En dépit de l’accord de Paris, les émissions de gaz à effet de serre sont au plus haut. Des actions renforcées sont nécessaires pour tenter de rester sous la barre des 1,5 °C degré de réchauffement. Avec le récent pacte vert européen – qui vise la neutralité carbone d’ici 30 ans –, l’Europe semble prendre ses responsabilités en se donnant des objectifs à la hauteur des défis environnementaux actuels et à venir.
Le pacte vert s’inscrit dans une longue dynamique de politiques portant sur l’efficacité énergétique, les déchets, l’écoconception, l’économie circulaire, l’achat public et l’information des consommateurs. Grâce à ces orientations, l’UE pense avoir réalisé le découplage tant attendu (...)
Dans ce cadre, les mesures d’efficacité devraient réduire la consommation d’énergie de moitié ; l’étiquette-énergie, et les gains assez énormes qu’elle a permis de réaliser est mise en avant.
Selon le pacte vert, le déploiement des renouvelables devrait permettre de réduire la part des fossiles à 20 %. (...)
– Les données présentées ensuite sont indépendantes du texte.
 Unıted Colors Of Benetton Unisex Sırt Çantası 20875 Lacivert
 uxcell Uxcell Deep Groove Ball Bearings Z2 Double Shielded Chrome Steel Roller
Dans ce nouvel ordre des choses, un jeu de rôles est également identifié : d’un côté, des producteurs de produits propres ; de l’autre, des citoyens qui les achètent. À cette mobilisation des producteurs et des consommateurs s’ajoutent la mobilisation des budgets nationaux, du budget européen et de la finance « verte », privée, dont le cadre est attendu pour la fin de l’année 2020. (...)
L’épreuve du réel pour le pacte
Victoire finale ? Tout l’indique, du moins sur le papier.
Mais ce n’est pas si simple et l’UE reconnaît elle-même que les améliorations dans le domaine de l’efficacité énergétique et des réductions d’émissions de gaz à effet de serre stagnent.
Les causes de cette stagnation sont les suivantes, par ordre d’importance : la croissance économique ; le ralentissement des gains en efficacité énergétique, notamment dans le transport aérien ; la forte croissance des SUV ; et enfin l’ajustement à la hausse des émissions réelles des véhicules, réalisé à la suite du « diesel gate » (+30 %).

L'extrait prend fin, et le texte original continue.